Private Health Insurance Exchanges: Look Before You Leap

October 25, 2012

Authored by: benefitsbclp

Update December 12, 2012: See today’s post on this issue that provides additional insight.

In the wake of the Affordable Care Act’s public exchanges, large private employers and benefit consultants have been working on establishing private health insurance exchanges, which would permit employees of participating employers to purchase health insurance from a broader array of alternatives than are available under a single employer plan.  Generally, private exchanges are being marketed to large employers, many of whom self-insure, as a way to manage their health care costs through a defined contribution-style health program.  It is expected that the private exchange will have multiple levels of individual health insurance coverage provided by several different insurers, in contrast to employer plans, where there may be only one or two levels of coverage.

An employer who provides health coverage through a private exchange gives each employee sum of money, through a health reimbursement account, pre-tax through cafeteria plan, or post-tax, to pay the employee’s share of the premium.  Each employee selects health coverage from the options available through the exchange.  The employer’s expectation is that providing health insurance through a private exchange will limit the employer’s cost and give the employees more choice and more control over their health insurance and care.  Aon Hewitt has set up a private exchange and it has been reported that Sears and Darden Restaurants  expect to provide their employees with health insurance through a private exchange for the 2013 plan year.  However, before an employer implements a private exchange, there are several issues that should be considered, including some legal rules that need further clarification.

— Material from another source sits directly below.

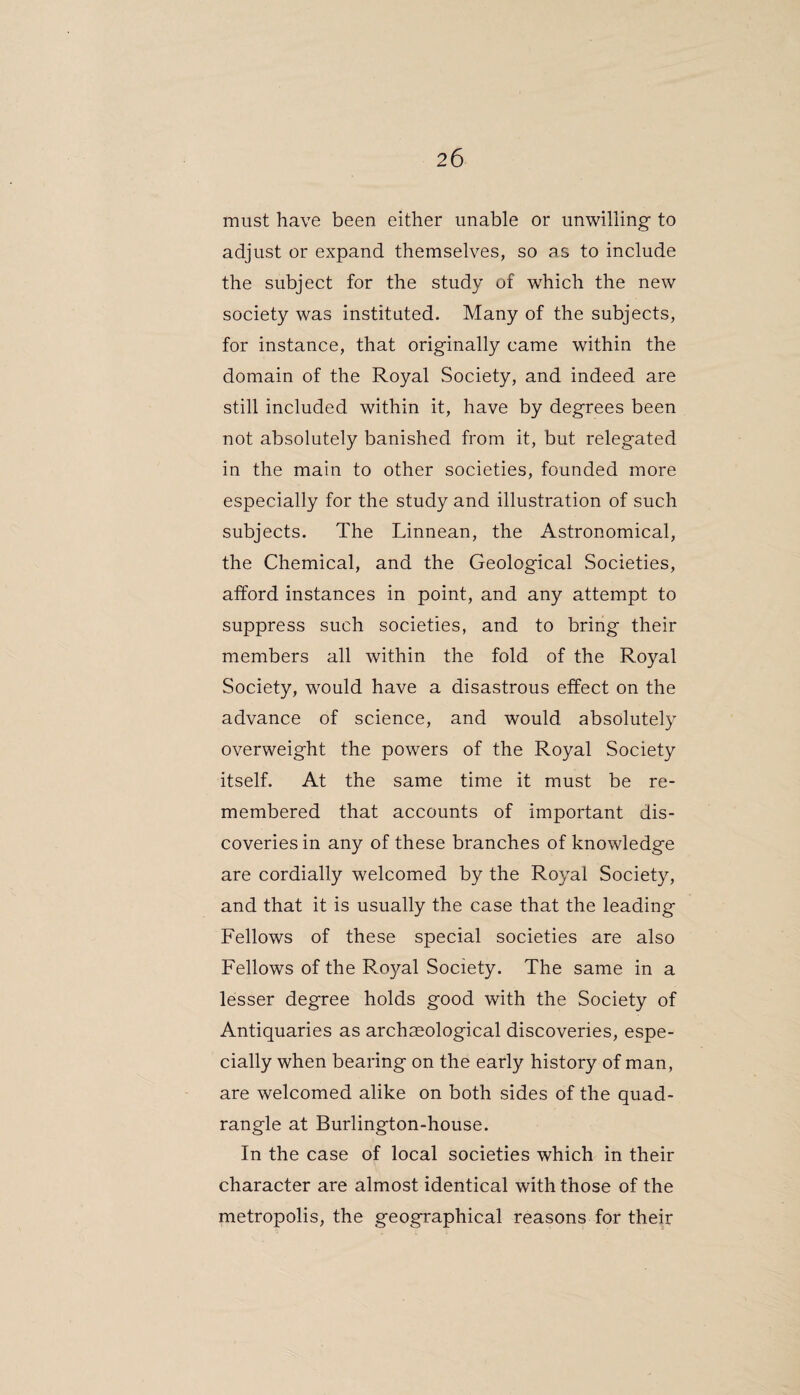 must have been either unable or unwilling- to adjust or expand themselves, so as to include the subject for the study of which the new society was instituted. Many of the subjects, for instance, that originally came within the domain of the Royal Society, and indeed are still included within it, have by degrees been not absolutely banished from it, but relegated in the main to other societies, founded more especially for the study and illustration of such subjects. The Linnean, the Astronomical, the Chemical, and the Geological Societies, afford instances in point, and any attempt to suppress such societies, and to bring their members all within the fold of the Royal Society, would have a disastrous effect on the advance of science, and would absolutely overweight the powers of the Royal Society itself. At the same time it must be re¬ membered that accounts of important dis¬ coveries in any of these branches of knowledge are cordially welcomed by the Royal Society, and that it is usually the case that the leading Fellows of these special societies are also Fellows of the P.oyal Society. The same in a lesser degree holds good with the Society of Antiquaries as archaeological discoveries, espe¬ cially when bearing on the early history of man, are welcomed alike on both sides of the quad¬ rangle at Burlington-house. In the case of local societies which in their character are almost identical with those of the metropolis, the geographical reasons for their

  • ERISA:  There will be enough employer involvement that the exchange would most likely be treated as an employer plan subject to ERISA, including the SPD and 5500 requirements.  Benefit booklets prepared by insurers often do not include all of the provisions required by ERISA to qualify as an SPD.  Where the employer has a less direct relationship with the insurer, it may be more difficult to supplement the benefit booklet.  In addition, the plan document may have to describe all of the insurers and options from which the employees can choose.  Similarly, the employer may be required to attach a Schedule A to its Form 5500 for each individual policy purchased through the private exchange.
  • COBRA and HIPAA:  As an employer plan, the alternatives available will be subject to the COBRA continuation rules as well as the HIPAA requirements, such as nondiscrimination, creditable coverage, privacy, and wellness standards, which will require coordination with many providers.  For example, who is responsible for giving COBRA notices and notices of creditable coverage?  Additionally, an employer that has historically been “hands on” with HIPAA protected health information may consider adopting a more “hands off” approach to PHI.  If so, the employer will need to change its policies and procedures, as well as amend its plan documents to be clearer about the types of PHI it can (or cannot) receive.
  • HRA, §105(h) and §125 requirements:  The employer’s contribution provided through an HRA may raise nondiscrimination issues, particularly if there are higher benefits for the highly compensated.  Alternatively, if an employer provides a flat contribution for all employees, but allows the rest of the cost to be paid pre-tax through a cafeteria plan, then the cafeteria plan my not satisfy the 125 nondiscrimination rules, which would make cafeteria plan contributions taxable instead of pre-tax.  Additionally, it is unclear how a private exchange will be tested for nondiscrimination under the PPACA rules for insured plans, once those are issued.
  • Administration:  Many employers assist their employees with benefit claims.  It may be more difficult to provide assistance with multiple insurers.
  • Health care reform “play or pay” requirements:  It is not clear whether participating in a private exchange will be treated as providing coverage that satisfies the requirement that the coverage be affordable and that it provide minimum essential benefits.
  • Multi-state requirements:  Multi-state employers may be faced with a myriad of policies with different benefits, due to state mandates and different definitions of “essential health benefits” under health reform.  State insurance commissioners would be concerned that the coverage offered to individuals in their states satisfies the state insurance laws and is offered by an insurer licensed to do business in the state.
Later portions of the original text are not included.